§ **Data extracted from a collection**
________________________
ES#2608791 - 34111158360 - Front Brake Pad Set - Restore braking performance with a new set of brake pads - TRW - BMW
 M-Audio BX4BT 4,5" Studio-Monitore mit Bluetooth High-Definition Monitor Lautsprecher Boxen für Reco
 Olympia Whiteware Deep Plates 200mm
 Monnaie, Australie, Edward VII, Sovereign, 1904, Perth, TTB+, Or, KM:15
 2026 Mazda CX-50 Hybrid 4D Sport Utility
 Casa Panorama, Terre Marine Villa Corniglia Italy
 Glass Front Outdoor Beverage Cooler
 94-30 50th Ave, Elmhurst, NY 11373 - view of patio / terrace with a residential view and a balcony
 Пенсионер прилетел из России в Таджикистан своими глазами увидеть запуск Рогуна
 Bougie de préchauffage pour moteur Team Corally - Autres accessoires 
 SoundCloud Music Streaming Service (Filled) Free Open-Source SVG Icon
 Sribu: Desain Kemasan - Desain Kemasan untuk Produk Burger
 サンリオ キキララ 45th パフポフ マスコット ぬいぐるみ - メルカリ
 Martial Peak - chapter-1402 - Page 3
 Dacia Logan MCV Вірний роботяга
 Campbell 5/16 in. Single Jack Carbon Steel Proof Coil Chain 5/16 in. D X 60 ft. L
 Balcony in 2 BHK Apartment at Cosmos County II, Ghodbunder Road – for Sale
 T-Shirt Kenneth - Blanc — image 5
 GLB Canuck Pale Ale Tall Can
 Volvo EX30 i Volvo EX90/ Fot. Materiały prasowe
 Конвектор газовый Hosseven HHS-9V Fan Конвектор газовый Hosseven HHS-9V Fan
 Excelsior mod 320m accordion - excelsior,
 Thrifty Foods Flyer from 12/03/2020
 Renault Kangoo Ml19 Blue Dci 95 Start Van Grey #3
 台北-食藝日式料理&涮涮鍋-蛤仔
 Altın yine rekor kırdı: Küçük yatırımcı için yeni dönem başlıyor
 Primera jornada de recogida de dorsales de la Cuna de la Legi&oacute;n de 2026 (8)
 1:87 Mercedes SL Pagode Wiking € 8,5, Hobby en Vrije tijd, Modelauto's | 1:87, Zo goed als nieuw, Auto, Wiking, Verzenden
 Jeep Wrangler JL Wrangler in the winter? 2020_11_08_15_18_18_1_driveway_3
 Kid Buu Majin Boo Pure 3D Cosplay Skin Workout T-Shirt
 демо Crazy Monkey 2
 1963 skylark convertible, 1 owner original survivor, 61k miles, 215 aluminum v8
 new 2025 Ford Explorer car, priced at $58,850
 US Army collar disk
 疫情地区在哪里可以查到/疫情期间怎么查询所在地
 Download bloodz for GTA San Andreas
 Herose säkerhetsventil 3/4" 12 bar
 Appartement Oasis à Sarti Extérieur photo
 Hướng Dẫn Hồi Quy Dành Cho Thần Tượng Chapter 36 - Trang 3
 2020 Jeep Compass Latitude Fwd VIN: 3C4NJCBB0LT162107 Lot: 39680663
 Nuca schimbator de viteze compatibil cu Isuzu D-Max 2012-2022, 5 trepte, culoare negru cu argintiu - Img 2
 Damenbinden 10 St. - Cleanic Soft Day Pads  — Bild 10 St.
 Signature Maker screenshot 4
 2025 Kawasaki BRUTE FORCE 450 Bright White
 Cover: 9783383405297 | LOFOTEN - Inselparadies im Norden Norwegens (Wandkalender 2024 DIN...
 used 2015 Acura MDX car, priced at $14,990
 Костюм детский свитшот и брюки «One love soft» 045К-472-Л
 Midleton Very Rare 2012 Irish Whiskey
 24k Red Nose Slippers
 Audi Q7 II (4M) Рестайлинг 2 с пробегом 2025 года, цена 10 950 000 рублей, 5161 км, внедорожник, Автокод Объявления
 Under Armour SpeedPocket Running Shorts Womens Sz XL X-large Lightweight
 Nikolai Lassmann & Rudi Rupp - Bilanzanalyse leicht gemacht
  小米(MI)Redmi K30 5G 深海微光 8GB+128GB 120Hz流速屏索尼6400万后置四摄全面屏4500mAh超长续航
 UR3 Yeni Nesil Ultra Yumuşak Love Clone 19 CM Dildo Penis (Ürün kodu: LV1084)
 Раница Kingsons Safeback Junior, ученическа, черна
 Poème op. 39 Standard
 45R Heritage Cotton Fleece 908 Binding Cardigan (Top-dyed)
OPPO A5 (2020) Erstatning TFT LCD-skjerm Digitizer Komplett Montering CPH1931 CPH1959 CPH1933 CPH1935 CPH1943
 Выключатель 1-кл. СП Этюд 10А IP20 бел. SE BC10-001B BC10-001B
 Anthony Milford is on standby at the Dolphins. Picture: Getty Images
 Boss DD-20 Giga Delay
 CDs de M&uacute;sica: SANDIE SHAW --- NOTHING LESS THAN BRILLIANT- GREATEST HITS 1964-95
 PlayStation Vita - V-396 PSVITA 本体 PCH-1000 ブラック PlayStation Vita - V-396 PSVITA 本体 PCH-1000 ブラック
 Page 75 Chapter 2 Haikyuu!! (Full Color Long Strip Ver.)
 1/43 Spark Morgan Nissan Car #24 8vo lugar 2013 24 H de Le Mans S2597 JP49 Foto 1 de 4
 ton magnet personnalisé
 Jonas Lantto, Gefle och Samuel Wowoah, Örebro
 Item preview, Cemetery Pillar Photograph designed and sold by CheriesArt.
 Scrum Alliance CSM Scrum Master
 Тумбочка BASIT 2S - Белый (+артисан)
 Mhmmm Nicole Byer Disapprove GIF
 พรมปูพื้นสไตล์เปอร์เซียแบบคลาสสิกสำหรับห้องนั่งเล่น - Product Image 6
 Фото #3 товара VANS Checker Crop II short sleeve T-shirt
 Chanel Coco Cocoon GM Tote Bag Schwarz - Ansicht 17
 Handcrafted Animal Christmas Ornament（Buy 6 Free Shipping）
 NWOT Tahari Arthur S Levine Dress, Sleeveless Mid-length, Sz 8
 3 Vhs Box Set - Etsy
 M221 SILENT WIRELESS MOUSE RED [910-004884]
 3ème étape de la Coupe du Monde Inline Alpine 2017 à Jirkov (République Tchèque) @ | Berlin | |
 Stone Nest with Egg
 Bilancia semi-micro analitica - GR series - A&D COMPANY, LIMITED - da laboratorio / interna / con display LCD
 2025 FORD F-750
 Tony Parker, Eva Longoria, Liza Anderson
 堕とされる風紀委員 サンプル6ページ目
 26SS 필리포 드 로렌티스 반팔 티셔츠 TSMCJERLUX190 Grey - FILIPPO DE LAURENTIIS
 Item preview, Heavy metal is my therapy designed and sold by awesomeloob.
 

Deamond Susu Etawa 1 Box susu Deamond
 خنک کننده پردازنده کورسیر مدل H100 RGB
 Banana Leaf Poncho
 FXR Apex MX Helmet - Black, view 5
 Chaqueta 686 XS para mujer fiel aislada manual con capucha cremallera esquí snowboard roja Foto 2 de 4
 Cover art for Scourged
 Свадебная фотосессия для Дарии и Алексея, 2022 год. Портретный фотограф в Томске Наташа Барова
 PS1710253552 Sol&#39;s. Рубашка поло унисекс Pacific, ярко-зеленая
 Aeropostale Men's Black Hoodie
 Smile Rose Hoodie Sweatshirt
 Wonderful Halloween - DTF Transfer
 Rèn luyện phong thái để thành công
________________________
§ **How to complete this task**
Among the lines above, which contain the word "Hoodie"? Copy every one.

§ **Exercise result**
 Aeropostale Men's Black Hoodie
 Smile Rose Hoodie Sweatshirt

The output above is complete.